On observera de garder continuellement le silence, excepté pendant le temps de la récréation.Il faut s'accuser de ses manquements au silence aux coulpes et en confession et il faut demander pour cela une bonne pénitence. Nous ne serons pas religieux tant que nous ne garderons pas le silence, on n'a pas le bon Dieu avec soi: “Abondance de paroles ne va pas sans offense” (Pr 10:19). L'abondance des paroles montre un esprit léger et qui n'est pas d'une grande valeur. Quand on ne peut pas vivre dans le silence seul avec Dieu et qu'on est obligé de bavarder pour nourrir son âme, c'est bien triste. Si l'on est obligé de dire un petit mot à l'Église, il faut que ce soit extrêmement court.

“En quelque lieu que l'on parle, et même pendant le temps de la récréation, on évitera les éclats de voix et le ton de contestation, qui seraient de mauvaise édification pour les frères et pour les étrangers” (Const., Art. XXI:4; p. 76).

Il faut bien éviter d'élever la voix. La conversation peut bien s'échauffer un peu sans doute mais il ne faut pas d'éclats, il faut éviter les contestations. Voilà une discussion qui va s'élever entre vous et un de vos frères. Vous vous en apercevez. Faut-il couper court et net? Gardez-vous-en bien, vous pourriez froisser votre frère: mais terminez charitablement et cordialement l'entretien, ou donnez un autre tour à la conversation; finissez par un petit mot agréable; et surtout évitez bien toute contestation: saint François de Sales attache la plus grande importance à la cordialité des rapports.

Evitez de faire du bruit en marchant, en ouvrant et fermant les portes. Il faut marcher tout naturellement, tout simplement, mais non pas d'une façon ridicule; pour éviter de faire du bruits il ne faut pas prendre des précautions puériles et exagérées. Dans sa cellule il faut faire peu de bruit. Au réfectoire soyez bien calmes dans les mouvements.

J'ai fait un jour un grand plaisir à M. Thibaut, le supérieur du Grand-Séminaire de Dijon. Il me demandait ce que je pensais de la tenue de ses séminaristes. C'était après le dîner. Je lui dis, que je pensais qu'il y avait là bien du monde qui avait mangé sa soupe sans faire le moindre petit bruit.
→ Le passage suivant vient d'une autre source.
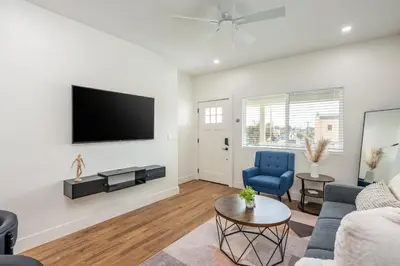 a living room with a couch and a tv on a wall at Modern home near Downtown San Diego in San Diego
C'est la marque d'un esprit recueilli. Si des séminaristes font cela, des religieux peuvent le faire. Si nous ne sommes pas capables de faire de petites choses nous ne serons pas capables d'en faire de grosses. Quand l'arbre ne porte pas de fleurs, il n'aura pas non plus de fruits: “C’est à leurs fruits que vous les reconnaîtrez” (Mt 7:16). On pourrait dire que c'est par les fleurs encore plus que par les fruits, qu'on reconnaît les religieux. Les fleurs, c’est-à-dire ces délicatesses, ces attentions à être fidèles dans les plus petites choses.

Qu'on me comprenne bien. Qu'on fasse tout avec la perfection de la politesse du monde, mais en y joignant le sentiment de la présence du bon Dieu, la charité, le respect du prochain, les habitudes religieuses . J'appelle cela des fleurs; et quand elles paraissent on peut espérer des fruits très prochains, flores fructusque perennes. Il n'y a pas de religieux sans cela. Gardons bien pour nous la parole que le saint Concile de Trente dit pour les clercs:  "Que leur comportement soit empreint de sérieux, qu’il soit libre de tout excès et plein de révérence” -  "Nihil nisi grave modestum, ac religione plenum prae se ferant". Si c'est la règle pour les clercs, à plus forte raison cela doit-il l'être pour les religieux.